Risk Assessment in California and Biological Effects of Low Level Exposures
Joseph P. Brown, Ph.D.*, David W. Morry, Ph.D., and Robert A. Howd, Ph.D.
Pesticide and Environmental Toxicology Section
Office of Environmental Health Hazard Assessment
California Environmental Protection Agency
Oakland, CA, 94612
* To whom correspondence may be addressed
Risk assessment requires estimation of effects at low levels of toxicants, so understanding biological effects of low level exposures (BELLE) is critical. As much information as possible about mechanism(s) of action should be obtained. The usual presumption for extrapolation from frank effect levels to lower levels is that adverse effects decrease with decreasing dose in some regular fashion until they become unmeasurable. However, all chemicals can cause multiple effects, and the ratios of these effects will also vary with concentration or dose. Qualitative variations in effects over a range of doses can be due to differences in affinities among multiple receptors as well as to gradations in physiological responses to stimulation of a specific receptor. Thus it should be clear that a simple linear or log-linear dose response to toxicants is always likely to be an oversimplification. Nonlinear responses including U-shaped curves (mixed inhibition and stimulation) can also occur.

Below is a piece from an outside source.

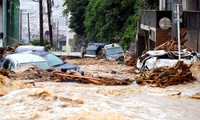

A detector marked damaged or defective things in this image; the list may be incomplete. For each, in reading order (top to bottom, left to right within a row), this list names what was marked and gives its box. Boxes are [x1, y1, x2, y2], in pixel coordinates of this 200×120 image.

The question for regulatory or risk assessment agencies is whether the assumption of low-level stimulatory or hormetic effects is usefulfor public health protection. If so, how would it be used, and what level of evidence would be required to introduce the hormetic concept into a specific assessment?
Stimulatory or hormetic effects occurring at doses below those usually considered to be toxic have recently been reviewed by Calabrese and Baldwin (1998) for chemical hormesis and by Pollycove (1998) for radiation hormesis. Theoretical aspects of hormesis including mathematical models were reviewed by Boxenbaum et al. (1988), while some monotonic and U-shaped dose-response curves for environmental agents were described by Anderson and Barton (1998). It is important to consider that some low level effects with U-shaped dose-response curves may represent replacement of one toxic effect with another as well as possible beneficial effects. This may be particularly true in the case of receptor-mediated endocrine effects (e.g., Cassidy et al., 1994).

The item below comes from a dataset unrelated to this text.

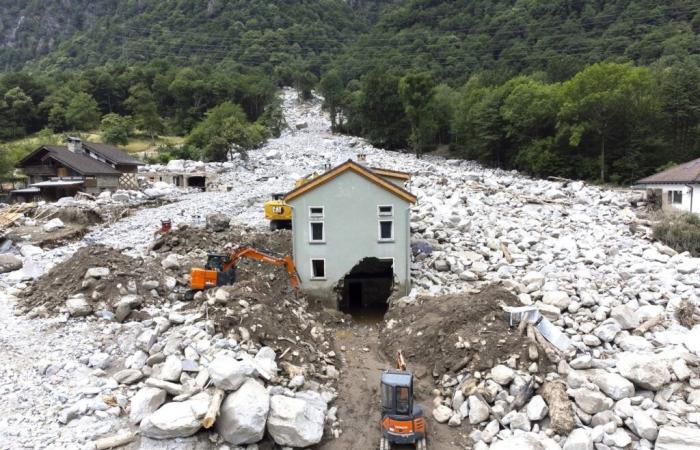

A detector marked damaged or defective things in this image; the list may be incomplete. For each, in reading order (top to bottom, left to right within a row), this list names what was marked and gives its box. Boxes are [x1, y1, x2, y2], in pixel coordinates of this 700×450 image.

damaged house [14, 137, 144, 200]
damaged house [284, 160, 416, 314]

In this article we attempt to address three questions related to how a public health agency uses mechanistic information, which might include evidence of low-level, possibly beneficial effects in the risk assessment process. Specifically, how can we incorporate into public health decisions information on (1) mechanisms of toxicity, (2) mechanisms of adaptation, and (3) beneficial low-level effects? Additionally we describe two examples of risk assessments, that involved consideration of beneficial low-level effects. Our own agency, the California Environmental Protection Agency (Cal/EPA) and its risk assessment branch, the Office of Environmental Health Hazard Assessment (OEHHA), presently have no specific policy regarding BELLE, hormesis, or related effects. Each chemical is assessed for the health risk resulting from human exposure according to the particular legal mandate under which it falls. OEHHA performs risk assessments or develops risk assessment guidelines for toxic substances in air, drinking water, food, and sport fish as well as providing hazard identification of carcinogens and for developmental and reproductive toxicants (DARTs) under the Safe Drinking Water and Toxic Enforcement Act of 1986, "Proposition 65."
For OEHHA, the important role played by mechanistic data on the toxicity of chemicals is most evident for cancer risk assessment. Under the proposed 1996 Guidelines for Carcinogen Risk Assessment (U.S. EPA, 1996), the U.S. Environmental Protection Agency (U.S. EPA) describes three options or "science policy defaults" for dose-response approaches based on understanding the carcinogenic mode of action (MOA). These are: low-dose linear extrapolation; nonlinear (which may incorporate various mechanistic models); and both procedures combined. The initial OEHHA implementation of these guidelines views these options as proceeding along a continuum of weight of evidence. When little or no confidence can be placed in a specific MOA(s) then the default approach is linear using the essentially model-free extrapolation recommended by U.S. EPA. When data provide support for both linear and nonlinear approaches for a specific cancer endpoint both approaches should be applied. For the nonlinear approach there should be convincing evidence that one and only one mode of action is operative in producing the tumors. Positive evidence including nonlinear dose-response data is more persuasive than negative data which might support another MOA, e.g., lack of genotoxicity. U.S. EPA provides a number of questions that should be addressed before choosing a dose-response approach. Most of these address the degree of confidence the risk assessor has in the evidence supporting one or another proposed MOA.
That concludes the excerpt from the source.